Wishlist coming from VEGAS

I’m trying to make the switch from VEGAS Pro to Kdenlive as I’m abandoning Windows in favor of Linux, but there are a number of small issues that are preventing me from doing the same kinds of edits. Hoping for some feedback on these to determine which should be made proper feature requests and how best to go about them.
Also let me know if I should’ve split this up into multiple topics. I wasn’t sure if spamming the forum with all of these individually was a bad idea.

1: An option to make the scroll wheel zoom the timeline by default.
There’s already an option to flip the Shift behavior for scrolling the timeline horizontally vs vertically. What I’d like is to flip the Control behavior so it zooms by default and holding Control makes it scroll. I zoom far more often than I scroll, especially because zoom can be used to navigate the timeline.

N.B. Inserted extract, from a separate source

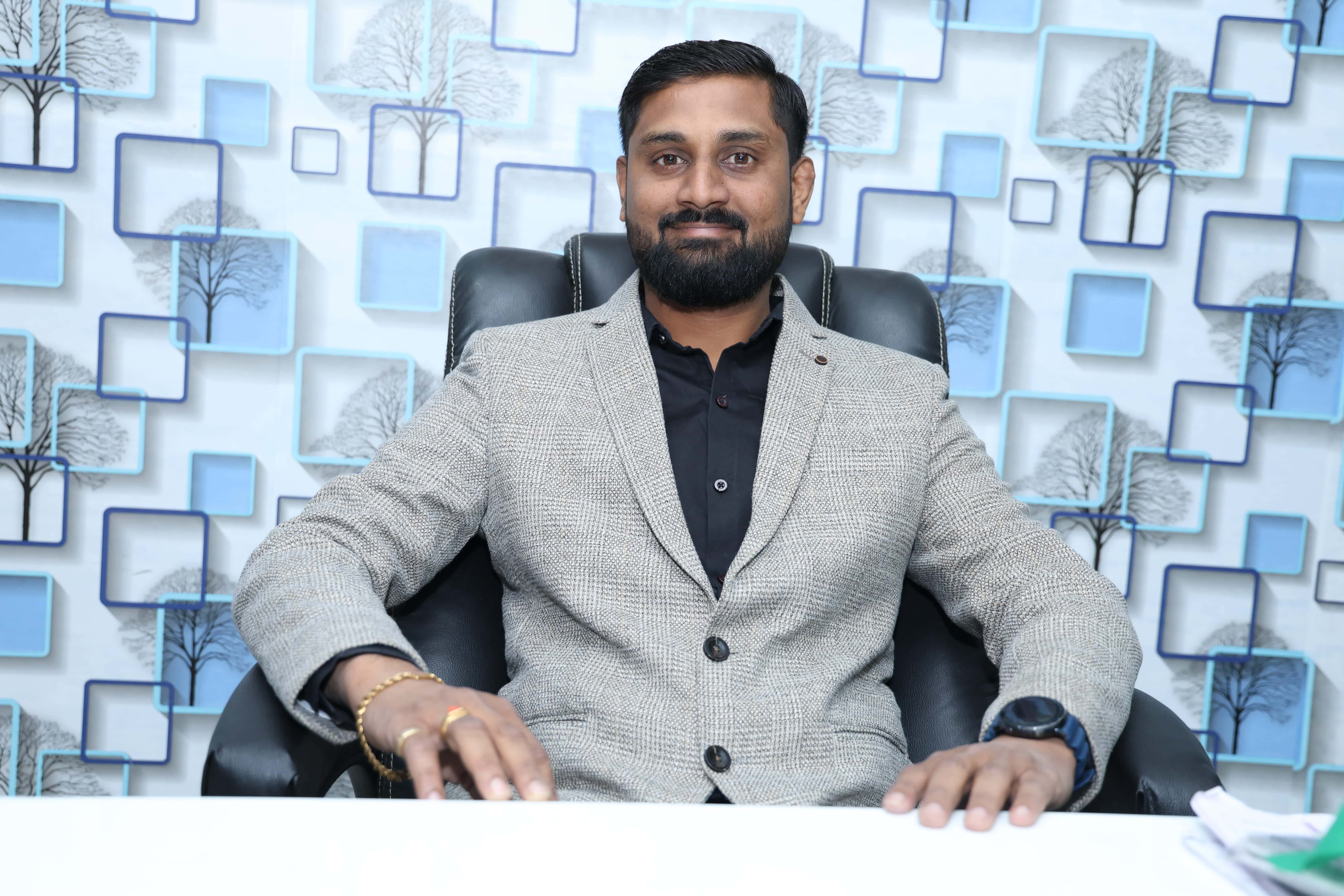 HIMANSHU Shah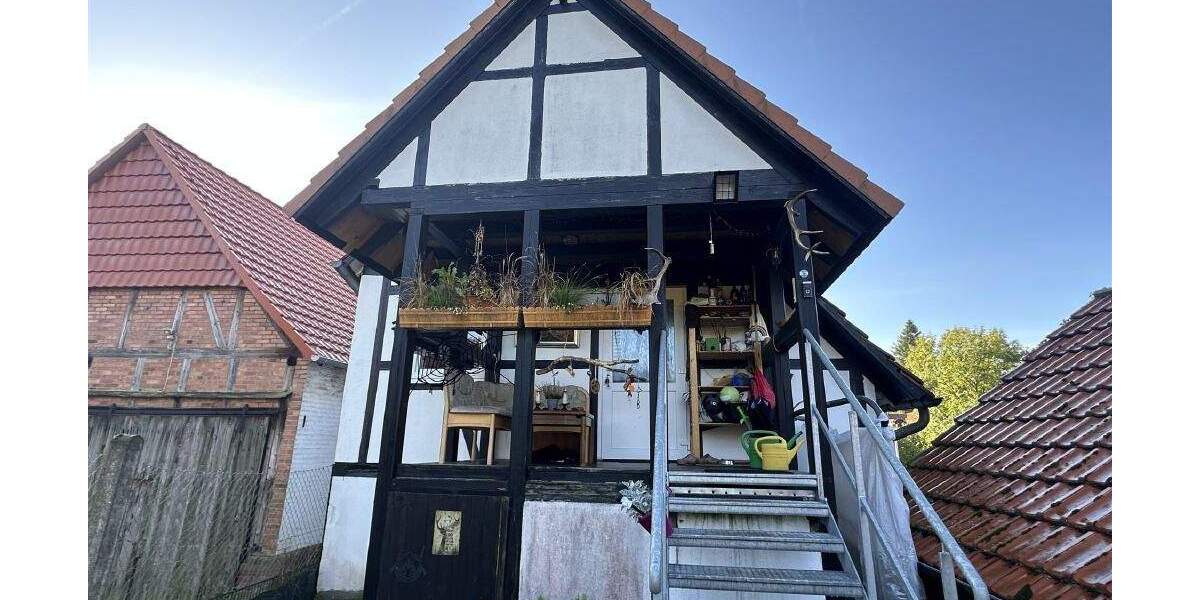 Mehrfamilienhaus, Wohnhaus Friedland Lichtenhagen - 8 Zimmer, 222 m&sup2;, 235.000&euro; | Angebot:25313840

2: Some way to edit audio with sub-frame precision.
Ideally audio should be able to be positioned and trimmed at the millisecond level, as a single frame can be the difference between leaving something in that shouldn’t be audible, and cutting off what should be.
Something else that would help with this is the ability to zoom down to the level of one pixel per audio sample.

3: The ability to group and ungroup already grouped clips.
I’d really like to be able to select one or more grouped clips or tracks of a clip and either ungroup just those selected ones or put them into their own exclusive group with a single action. It’s inconvenient to have to ungroup the entire group and then manually shift-click every one I want to keep and re-group them.

4: A button to stop playback and return playhead to where it started.
When you’re trying to find exactly where you want to cut a clip, what do you do? Pick what seems like a good frame and play it from there to check, right? The problem is now you’ve lost that position. What would be nice is a button/shortcut to stop playback and return the playhead to its last position before playback started, so you can decide on the fly whether you want to pause where you are or watch that section again, without having to set up a zone ahead of time.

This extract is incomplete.